Segment Start: Source data

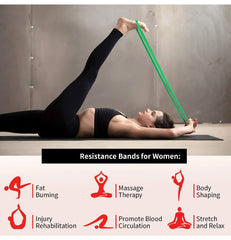 Resistance Bands for Workout | Resistance Band Set | Exercise Band for Home Gym Fitness | Pull Up Band | Loop Band | Stretching Band for Men & Women (Red, Black/Light & Medium Resistance)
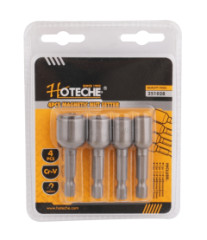 Sada magnetick�ch nadstavcov 4-dielna 1/4" 48 mm HOTECHE HT251028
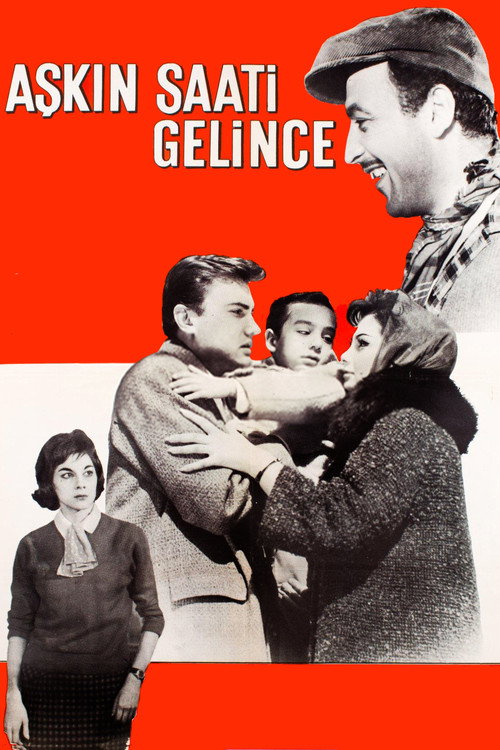 Movie poster for Aşkın Saati Gelince (1961)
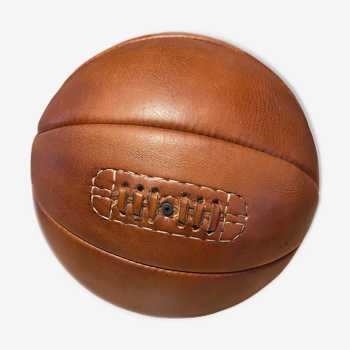 Ballon de basketball en cuir, vintage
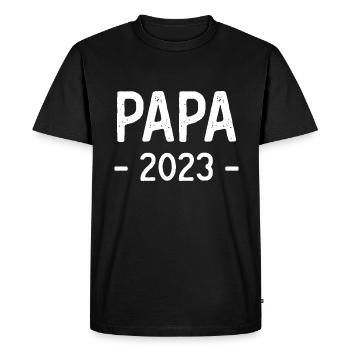 Dad 2023 Future Dad 2023 Gift Father 2023 - Men's Premium Organic T-Shirt - black - Front - Nico (187cm)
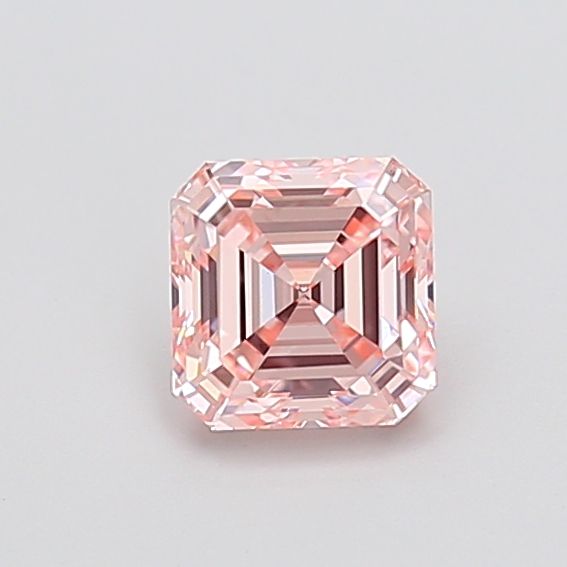 1.08 CT Fancy Intense Pink ASSCHER
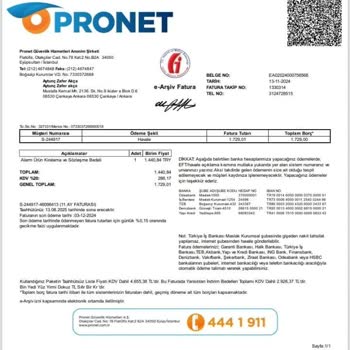 Pronet'in Ciddiyetsiz Hizmetleri Ve Yanıltıcı Faturalama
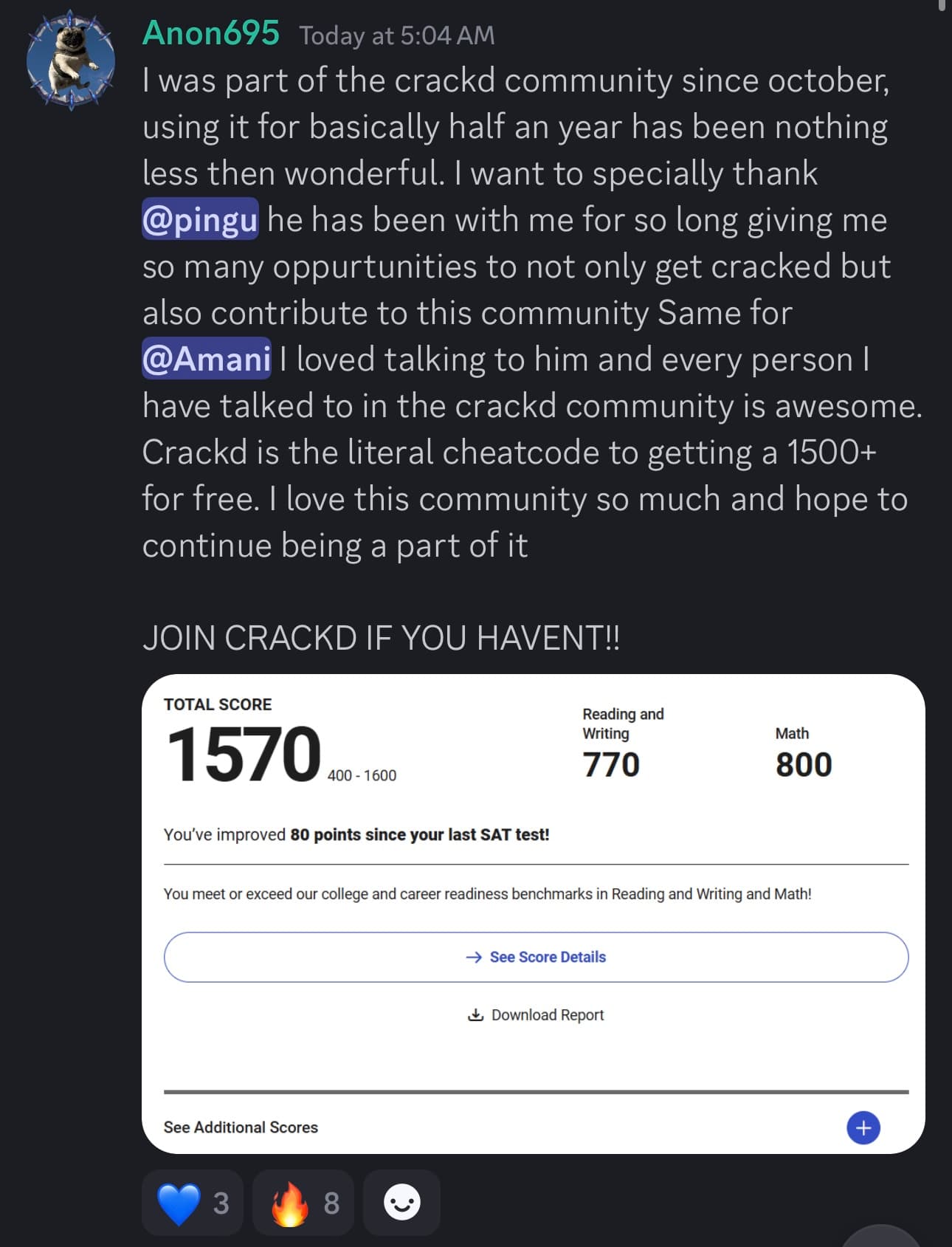 Score screenshot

Segment End: Source data

- [Instructions to follow] The result should be an exact copy of the material, containing no pictures.

- [Exercise result]
 Resistance Bands for Workout | Resistance Band Set | Exercise Band for Home Gym Fitness | Pull Up Band | Loop Band | Stretching Band for Men & Women (Red, Black/Light & Medium Resistance)
 Sada magnetick�ch nadstavcov 4-dielna 1/4" 48 mm HOTECHE HT251028
 Movie poster for Aşkın Saati Gelince (1961)
 Ballon de basketball en cuir, vintage
 Dad 2023 Future Dad 2023 Gift Father 2023 - Men's Premium Organic T-Shirt - black - Front - Nico (187cm)
 1.08 CT Fancy Intense Pink ASSCHER
 Pronet'in Ciddiyetsiz Hizmetleri Ve Yanıltıcı Faturalama
 Score screenshot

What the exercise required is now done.